Loom’s strength is in the recording and sharing experience. The viewer doesn’t need a Loom account to watch — they open a link and it plays. Comments are threaded under the video with timestamps. Folders help teams organize recordings by project or client. The result is a lightweight async communication layer that most people can adopt in minutes.

Where Loom Has Limits

Loom is a recording tool, not a meeting tool. It doesn’t join your Zoom or Google Meet to capture a live call. If you want to document what was actually discussed in a real meeting — with a transcript, summary, and action items — Loom alone won’t do that job. Some teams end up using Loom for outbound async explanations and a separate tool for meeting capture, which adds tool sprawl.

The free plan has historically restricted video count, recording length, and AI features. Verify current limits at loom.com/pricing — Loom’s plan structure and AI feature availability have changed over time, and paid plans vary significantly in what’s included versus add-on.

Claap: Async Video Meets Meeting Intelligence

Claap sits in an interesting middle position: it can do async video recording like Loom, but its design also covers meeting capture, transcription, AI summarization, and a shared searchable workspace where all of that video content lives together.

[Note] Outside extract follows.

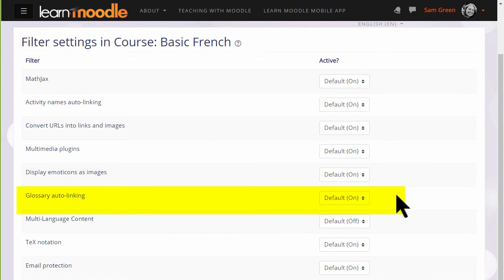Glossary auto-linking means that if we add a key term to a glossary and then type that key term somewhere on the course, it would automatically link to its glossary entry.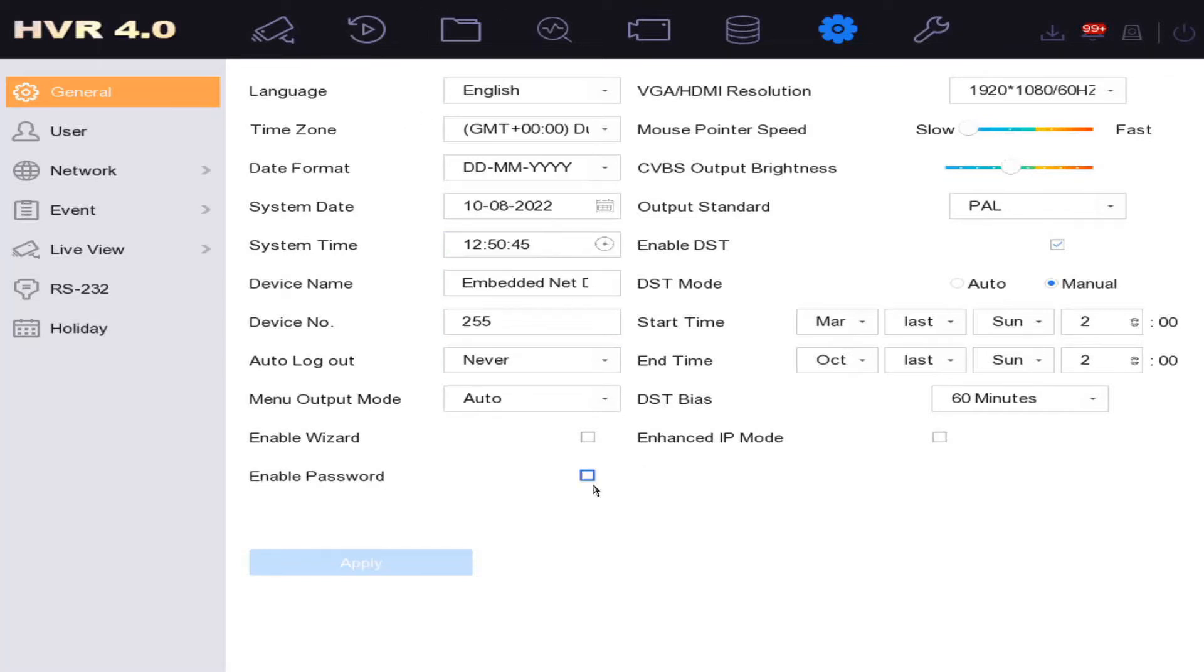The only time it will ask for the password now is if we try to change it, okay, and that is in the user settings. So if you're fed up with passwords being asked for you all the time, then go ahead and just disable it.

For teams trying to reduce meeting volume while still capturing what happens in the meetings they do hold, that combination is genuinely useful.

Who Claap Fits Best

  • Distributed teams trying to reduce synchronous meeting time while maintaining a record of what gets discussed and decided
  • Sales and customer-success teams that want call recordings, AI summaries, and shareable clips in one place without stitching together multiple tools
  • Research and product teams doing user interviews who need transcripts, highlights, and searchable archives
  • Founders or managers building a searchable video knowledge base — past decisions, client calls, onboarding sessions — that new team members can reference later

Claap typically lets users record async video clips, join meetings via a bot that captures the session, and then access AI-generated summaries and transcripts in a unified library. The ability to clip sections of a longer recording, comment with timestamps, create tasks, and share a specific moment (rather than an entire hour-long call) makes it more flexible than a simple recorder for team knowledge work.

Where Claap Has Limits

Claap involves more setup than Loom. Getting meeting capture working requires calendar authorization and a recording bot, which adds a permission step and a “bot joining your call” moment that some participants find uncomfortable. For teams where the main use case is quick async screen updates — not meeting capture — the added complexity may not be worth it.

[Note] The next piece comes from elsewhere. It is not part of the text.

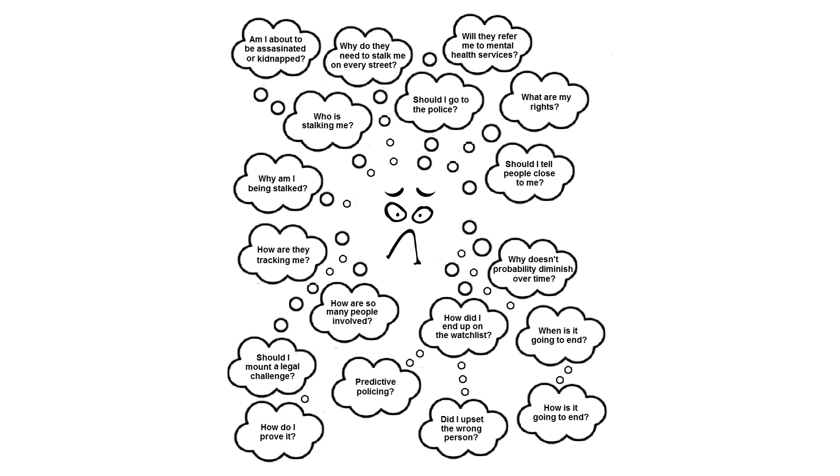They will also wonder if they should attempt to explain it or prove it to the people around them, or if they will then just be accused of paranoia or delusion.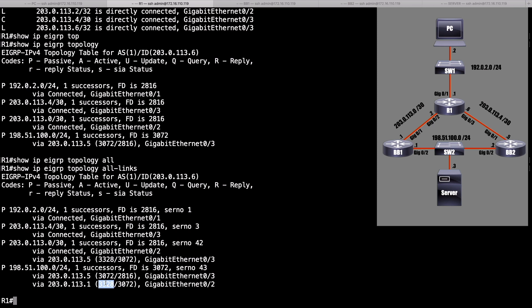And that's a look at the variance feature. To sum up, the variance feature is unique to EIGRP. It lets us load balance across unequal cost paths. We specify an integer, and that integer is a multiplier. We multiply the variance value by the feasible distance of our successor route, and that creates a range. And if an alternate path has a value that is less than or equal to that multiplier times the feasible distance of our successor route, then that alternate route can be used to load balance across. And we saw that happen, and then we had a route that was not a feasible successor, and we saw that that could not be used with the variance feature.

Pricing structure requires careful evaluation. Verify at claap.io/pricing whether costs are per user, per recorder seat, or per workspace, and whether meeting recording and AI features require higher tiers. For a team of five to ten people, total cost can vary significantly depending on how many need a paid seat versus viewer-only access. Do not rely on cached price data — plans in this category shift regularly.

Daily Workflow Comparison

Recording and Sharing

Loom: open app or browser extension, click record, share the link that generates immediately. The workflow is nearly frictionless and works even for non-technical team members.

Claap: similar async recording flow for clips, but meeting capture requires a bot to join the session. If you’re recording a planned client call, you set it up in advance. If you want to capture an impromptu call, you may need to add the bot mid-session.

Transcript and AI Summary Quality

Loom has added AI features including auto-generated titles, summaries, and transcripts — verify current availability at loom.com since AI features have varied by plan. Claap’s AI is positioned more centrally as a core feature, producing meeting summaries, topic breakdowns, action items, and clips. For teams whose main job is extracting value from recorded conversations, Claap’s AI layer tends to be more developed.

Search and Knowledge Base

Loom organizes recordings in folders and allows some search by title or content, but it is primarily a send-and-watch tool. Claap is designed as a searchable workspace — users can search across transcripts for keywords mentioned in any recorded meeting or clip. For distributed teams trying to make past conversations referenceable, this difference matters significantly.

External Sharing and Viewer Friction

Loom’s external sharing is excellent — a link opens immediately without login. Claap’s external sharing varies depending on workspace privacy settings; verify how non-users access shared clips and whether there’s a sign-up gate, which can affect client-facing use.

Mobile Use

Both have mobile apps, but neither is primarily a mobile tool. Recording screen content on mobile is limited. Verify current mobile capabilities on each product’s official site before making mobile access a deciding factor.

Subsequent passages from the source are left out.